Entries provided: Begin
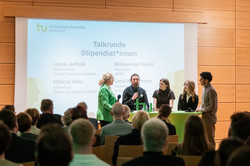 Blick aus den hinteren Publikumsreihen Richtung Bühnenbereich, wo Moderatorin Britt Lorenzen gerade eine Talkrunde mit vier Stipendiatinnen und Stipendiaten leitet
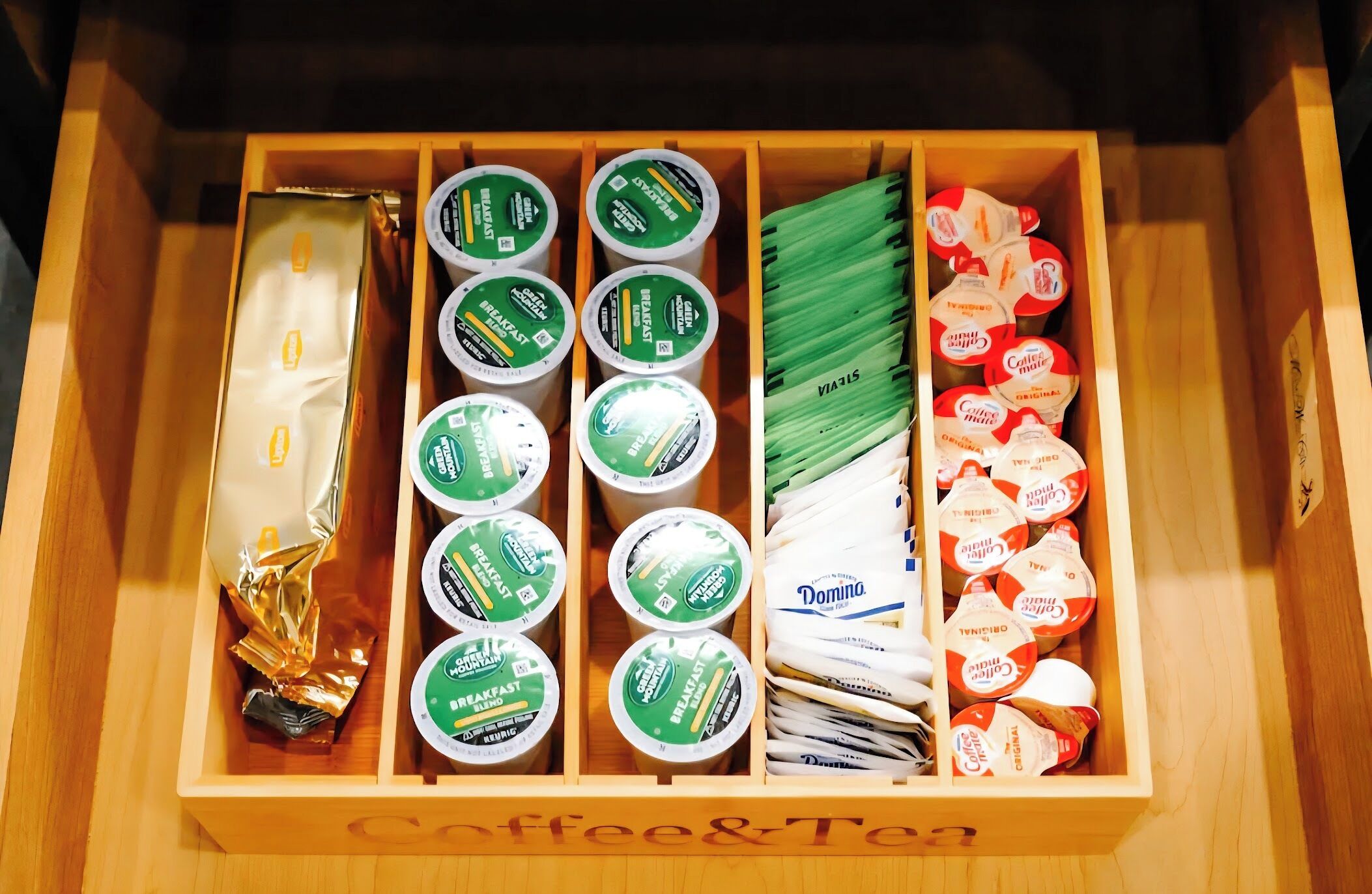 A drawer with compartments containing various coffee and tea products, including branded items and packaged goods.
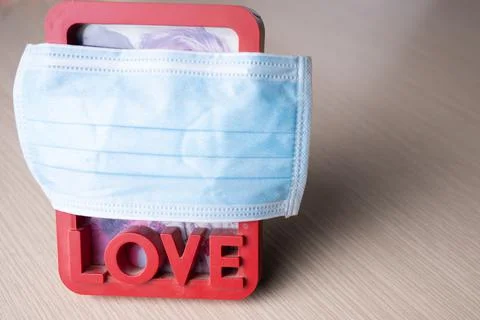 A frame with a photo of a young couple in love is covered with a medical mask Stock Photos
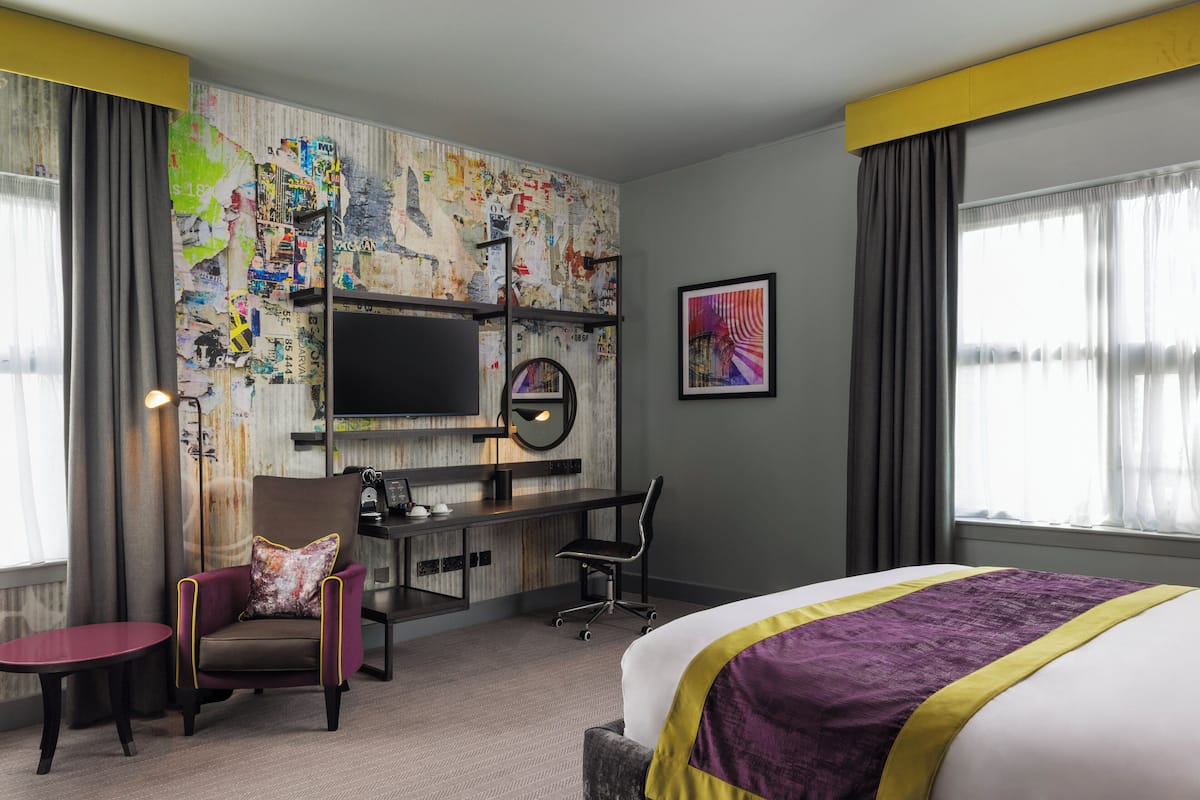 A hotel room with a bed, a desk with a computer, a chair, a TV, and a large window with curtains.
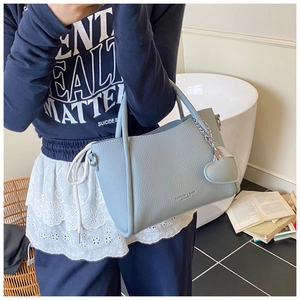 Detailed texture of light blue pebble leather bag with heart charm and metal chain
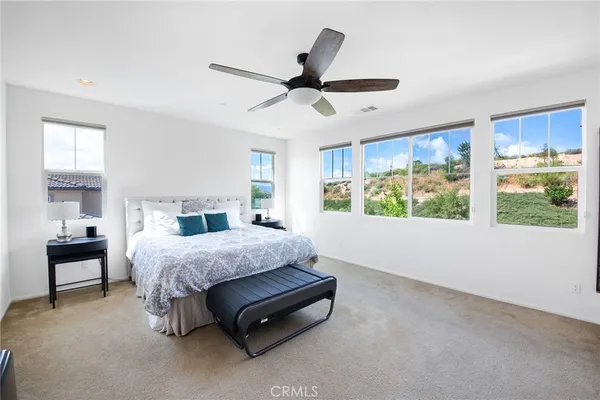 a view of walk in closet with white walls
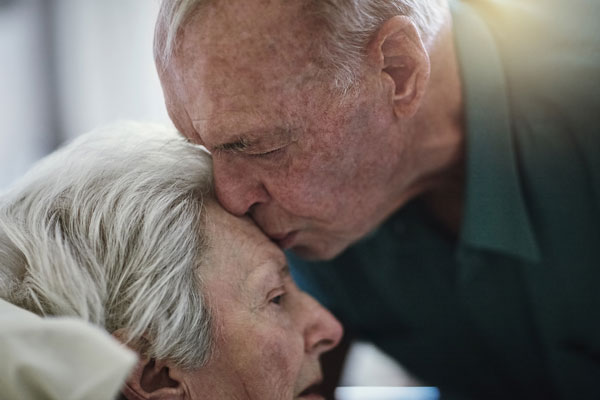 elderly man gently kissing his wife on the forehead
Entries provided: End
Entries provided: Begin
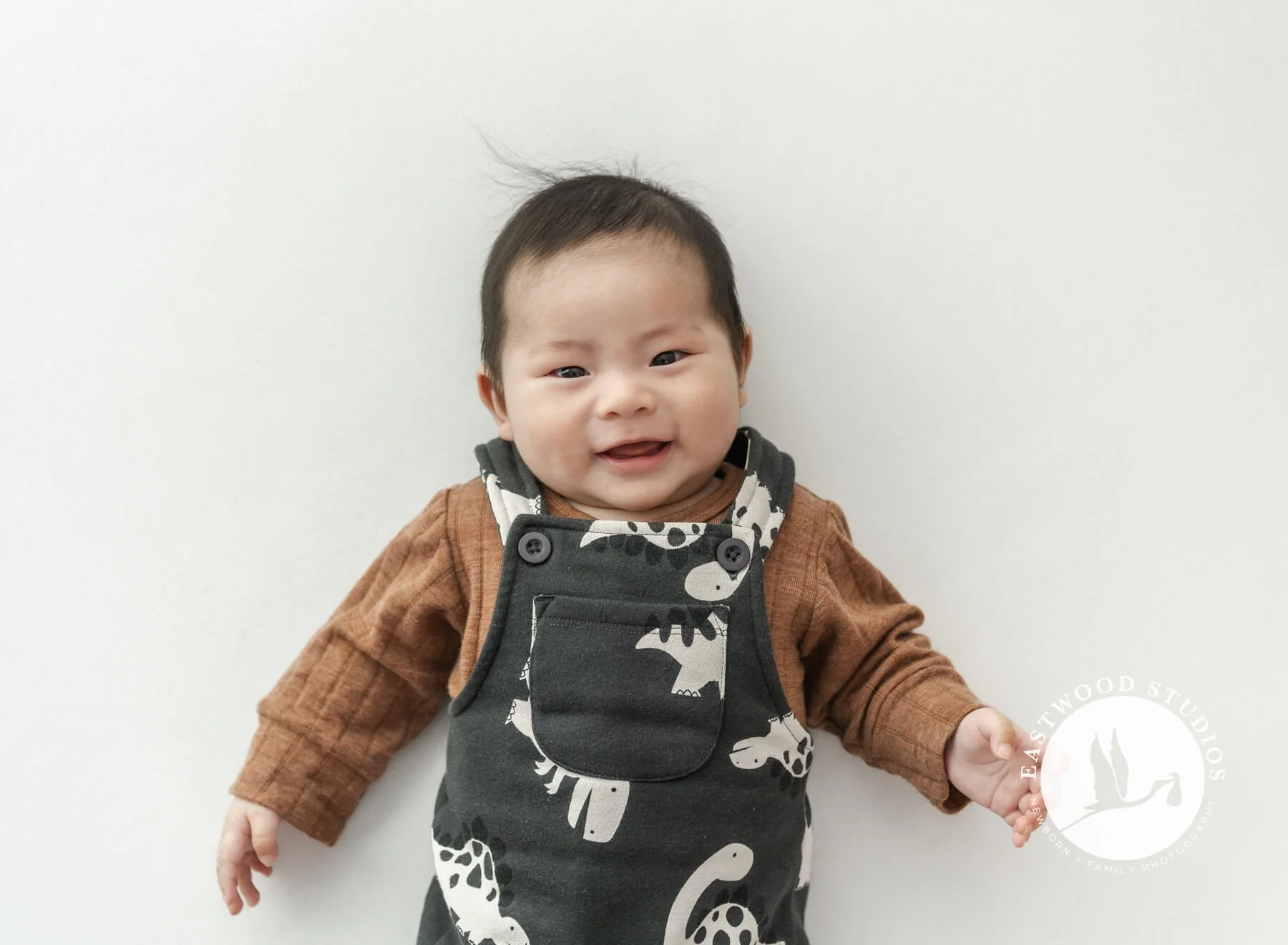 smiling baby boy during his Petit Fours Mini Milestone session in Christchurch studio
Entries provided: End
Entries provided: Begin
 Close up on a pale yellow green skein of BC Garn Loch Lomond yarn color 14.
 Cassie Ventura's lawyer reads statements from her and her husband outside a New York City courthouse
Entries provided: End
▶ **Description of the task**: Above are the records; please give again, exactly and in full, only the lines that run from the line with "Blick aus den" through the line with "A hotel room", with no pictures.

▶ **Your solution**:
 Blick aus den hinteren Publikumsreihen Richtung Bühnenbereich, wo Moderatorin Britt Lorenzen gerade eine Talkrunde mit vier Stipendiatinnen und Stipendiaten leitet
 A drawer with compartments containing various coffee and tea products, including branded items and packaged goods.
 A frame with a photo of a young couple in love is covered with a medical mask Stock Photos
 A hotel room with a bed, a desk with a computer, a chair, a TV, and a large window with curtains.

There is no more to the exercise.